Models that are Officially Supported
The following is a list of supported models where we have validated.
Model | Quantizations | Supporting runtimes |
---|---|---|
TinyLlama/TinyLlama-1.1B-Chat-v1.0 | None | vLLM |
TinyLlama/TinyLlama-1.1B-Chat-v1.0 | AWQ | vLLM |
deepseek-ai/DeepSeek-Coder-V2-Lite-Base | Q2_K, Q3_K_M, Q3_K_S, Q4_0 | Ollama |
deepseek-ai/DeepSeek-Coder-V2-Lite-Instruct | Q2_K, Q3_K_M, Q3_K_S, Q4_0 | Ollama |
deepseek-ai/deepseek-coder-6.7b-base | None | vLLM, Ollama |
deepseek-ai/deepseek-coder-6.7b-base | AWQ | vLLM |
deepseek-ai/deepseek-coder-6.7b-base | Q4_0 | vLLM, Ollama |
fixie-ai/ultravox-v0_3 | None | vLLM |
google/gemma-2b-it | None | Ollama |
google/gemma-2b-it | Q4_0 | Ollama |
intfloat/e5-mistral-7b-instruct | None | vLLM |
meta-llama/Meta-Llama-3.3-70B-Instruct | AWQ, FP8-Dynamic | vLLM |
meta-llama/Meta-Llama-3.1-70B-Instruct | AWQ | vLLM |
meta-llama/Meta-Llama-3.1-70B-Instruct | Q2_K, Q3_K_M, Q3_K_S, Q4_0 | vLLM, Ollama |
meta-llama/Meta-Llama-3.1-8B-Instruct | None | vLLM |
meta-llama/Meta-Llama-3.1-8B-Instruct | AWQ | vLLM, Triton |
meta-llama/Meta-Llama-3.1-8B-Instruct | Q4_0 | vLLM, Ollama |
nvidia/Llama-3.1-Nemotron-70B-Instruct | Q2_K, Q3_K_M, Q3_K_S, Q4_0 | vLLM |
nvidia/Llama-3.1-Nemotron-70B-Instruct | FP8-Dynamic | vLLM |
mistralai/Mistral-7B-Instruct-v0.2 | Q4_0 | Ollama |
sentence-transformers/all-MiniLM-L6-v2-f16 | None | Ollama |
Please note that some models work only with specific inference runtimes.

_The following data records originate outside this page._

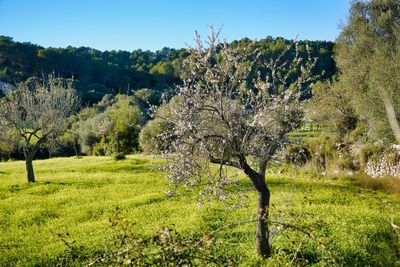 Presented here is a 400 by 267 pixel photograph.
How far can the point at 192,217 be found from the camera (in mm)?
18891

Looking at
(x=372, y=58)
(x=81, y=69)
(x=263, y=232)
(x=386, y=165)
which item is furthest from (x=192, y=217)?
(x=81, y=69)

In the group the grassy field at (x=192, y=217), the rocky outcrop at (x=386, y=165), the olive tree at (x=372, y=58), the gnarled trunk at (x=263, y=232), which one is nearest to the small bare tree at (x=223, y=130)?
the gnarled trunk at (x=263, y=232)

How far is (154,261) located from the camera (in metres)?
6.25

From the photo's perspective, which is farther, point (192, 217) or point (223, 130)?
point (192, 217)

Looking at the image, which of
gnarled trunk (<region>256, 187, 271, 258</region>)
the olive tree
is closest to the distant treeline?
the olive tree

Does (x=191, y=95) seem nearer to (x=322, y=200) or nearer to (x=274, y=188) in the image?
(x=322, y=200)

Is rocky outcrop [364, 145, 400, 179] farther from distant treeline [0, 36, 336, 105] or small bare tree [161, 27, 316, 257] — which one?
distant treeline [0, 36, 336, 105]

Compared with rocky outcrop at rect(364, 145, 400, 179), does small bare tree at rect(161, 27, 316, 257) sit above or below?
above

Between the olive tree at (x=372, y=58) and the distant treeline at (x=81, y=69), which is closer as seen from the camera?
the olive tree at (x=372, y=58)

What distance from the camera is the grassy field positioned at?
45.3 ft

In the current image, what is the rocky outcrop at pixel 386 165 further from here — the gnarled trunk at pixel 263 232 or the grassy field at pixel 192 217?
the gnarled trunk at pixel 263 232

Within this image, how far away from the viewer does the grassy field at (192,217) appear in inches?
544

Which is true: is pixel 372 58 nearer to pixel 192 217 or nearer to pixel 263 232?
pixel 192 217

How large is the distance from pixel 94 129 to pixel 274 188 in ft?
194
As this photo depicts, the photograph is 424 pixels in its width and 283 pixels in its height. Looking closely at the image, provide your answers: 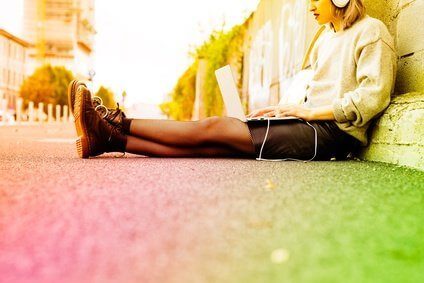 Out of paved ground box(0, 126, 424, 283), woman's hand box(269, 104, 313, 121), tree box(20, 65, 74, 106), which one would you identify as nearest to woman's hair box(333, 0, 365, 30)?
woman's hand box(269, 104, 313, 121)

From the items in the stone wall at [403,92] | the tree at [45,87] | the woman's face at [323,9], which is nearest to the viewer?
the stone wall at [403,92]

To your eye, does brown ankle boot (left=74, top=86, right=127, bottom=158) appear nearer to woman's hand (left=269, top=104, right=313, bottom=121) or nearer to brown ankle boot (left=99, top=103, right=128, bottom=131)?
brown ankle boot (left=99, top=103, right=128, bottom=131)

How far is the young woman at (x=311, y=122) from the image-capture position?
8.48 ft

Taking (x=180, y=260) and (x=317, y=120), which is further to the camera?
(x=317, y=120)

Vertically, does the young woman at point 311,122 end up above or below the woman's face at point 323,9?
below

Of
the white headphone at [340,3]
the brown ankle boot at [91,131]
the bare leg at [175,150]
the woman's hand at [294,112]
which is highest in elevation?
the white headphone at [340,3]

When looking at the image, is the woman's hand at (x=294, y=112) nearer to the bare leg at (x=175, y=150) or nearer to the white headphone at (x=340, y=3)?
the bare leg at (x=175, y=150)

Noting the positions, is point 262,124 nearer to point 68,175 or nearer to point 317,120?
point 317,120

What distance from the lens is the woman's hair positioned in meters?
2.73

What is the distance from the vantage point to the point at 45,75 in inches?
1752

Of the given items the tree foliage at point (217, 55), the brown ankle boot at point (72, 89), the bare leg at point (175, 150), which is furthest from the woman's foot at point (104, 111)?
the tree foliage at point (217, 55)

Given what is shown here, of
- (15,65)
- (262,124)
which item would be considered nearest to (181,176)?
(262,124)

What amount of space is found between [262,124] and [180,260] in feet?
6.35

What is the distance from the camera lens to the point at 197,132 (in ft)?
9.03
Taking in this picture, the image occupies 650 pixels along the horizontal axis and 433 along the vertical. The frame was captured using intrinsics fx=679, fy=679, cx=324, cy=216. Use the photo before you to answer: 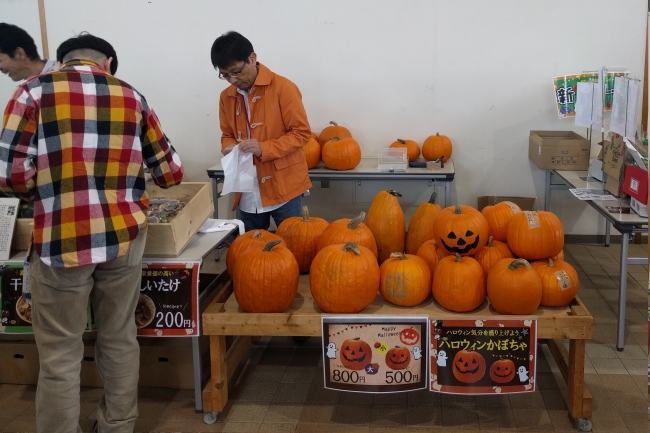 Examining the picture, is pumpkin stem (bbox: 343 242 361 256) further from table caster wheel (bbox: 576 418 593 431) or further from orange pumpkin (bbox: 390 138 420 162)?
orange pumpkin (bbox: 390 138 420 162)

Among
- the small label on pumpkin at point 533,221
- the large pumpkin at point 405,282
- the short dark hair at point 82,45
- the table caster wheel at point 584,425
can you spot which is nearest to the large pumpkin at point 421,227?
the large pumpkin at point 405,282

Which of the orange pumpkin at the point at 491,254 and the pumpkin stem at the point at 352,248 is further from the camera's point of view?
the orange pumpkin at the point at 491,254

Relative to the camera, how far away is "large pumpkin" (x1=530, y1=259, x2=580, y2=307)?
2775 mm

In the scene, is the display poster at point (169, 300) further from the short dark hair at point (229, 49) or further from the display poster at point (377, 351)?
the short dark hair at point (229, 49)

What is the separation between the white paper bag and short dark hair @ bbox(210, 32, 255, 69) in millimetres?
442

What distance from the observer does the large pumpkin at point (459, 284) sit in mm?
2715

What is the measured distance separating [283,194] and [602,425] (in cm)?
187

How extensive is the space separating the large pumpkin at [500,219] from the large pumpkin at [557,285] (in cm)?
31

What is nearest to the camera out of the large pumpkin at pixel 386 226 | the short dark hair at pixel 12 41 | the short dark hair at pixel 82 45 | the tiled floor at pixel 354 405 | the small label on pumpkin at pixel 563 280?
the short dark hair at pixel 82 45

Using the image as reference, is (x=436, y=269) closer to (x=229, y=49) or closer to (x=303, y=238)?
(x=303, y=238)

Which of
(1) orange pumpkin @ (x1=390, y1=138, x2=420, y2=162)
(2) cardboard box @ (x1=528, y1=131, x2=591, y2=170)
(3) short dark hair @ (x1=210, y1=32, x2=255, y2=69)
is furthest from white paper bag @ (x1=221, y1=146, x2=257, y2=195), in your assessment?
(2) cardboard box @ (x1=528, y1=131, x2=591, y2=170)

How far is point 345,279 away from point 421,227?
67cm

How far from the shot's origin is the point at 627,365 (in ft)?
11.4

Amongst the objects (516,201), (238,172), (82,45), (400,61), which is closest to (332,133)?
(400,61) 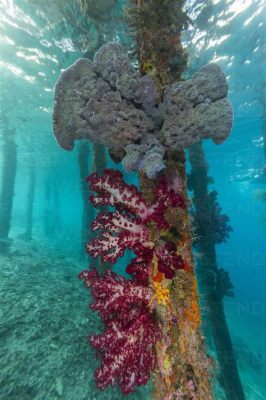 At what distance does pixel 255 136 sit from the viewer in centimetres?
2028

Using Other Models in HuggingFace
First, create a k8s secret that contains the HuggingFace API key.
kubectl create secret generic \
huggingface-key \
-n llmariner \
--from-literal=apiKey=${HUGGING_FACE_HUB_TOKEN}
The above command assumes that LLMarine runs in the llmariner
namespace.
Then deploy LLMariner with the following values.yaml
.
model-manager-loader:
downloader:
kind: huggingFace
huggingFace:
cacheDir: /tmp/.cache/huggingface/hub
huggingFaceSecret:
name: huggingface-key
apiKeyKey: apiKey
baseModels:
- Qwen/Qwen2-7B
- TheBloke/TinyLlama-1.1B-Chat-v1.0-AWQ
Then the model should be loaded by model-manager-loader
. Once the loading completes, the model name
should show up in the output of llma models list
.